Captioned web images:
● ● ●
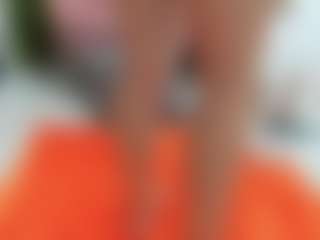 Sweet Cherry's Live Sex Cam Show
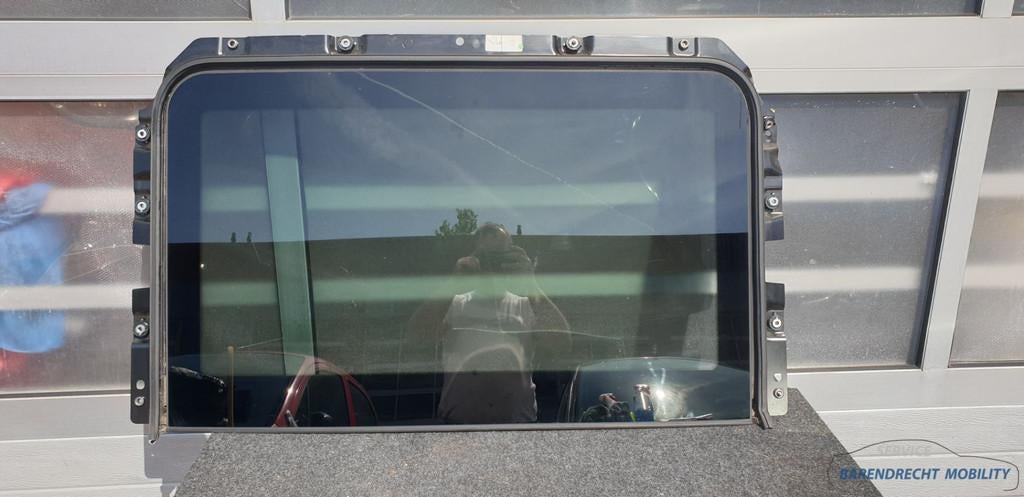 Achterste glasplaat Panoramadak F11 5 serie BMW ruit 7228756, Auto-onderdelen, Ruiten en Toebehoren, Petuelring 130
80788  Munich, DE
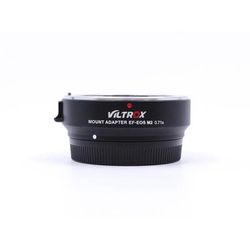 Used Viltrox Ef-Eos M2 Adapter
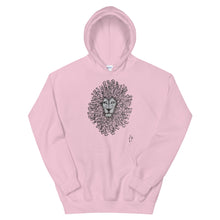 Load image into Gallery viewer, Twisted City Global Signature Lion Hoodie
● ● ●
» **Work order**
Leave the pictures out and restate exactly the lines from the one that has "Achterste glasplaat Panoramadak" through the final line of the entries above, both ends included.

» **Written solution**
 Achterste glasplaat Panoramadak F11 5 serie BMW ruit 7228756, Auto-onderdelen, Ruiten en Toebehoren, Petuelring 130
80788  Munich, DE
 Used Viltrox Ef-Eos M2 Adapter
 Load image into Gallery viewer, Twisted City Global Signature Lion Hoodie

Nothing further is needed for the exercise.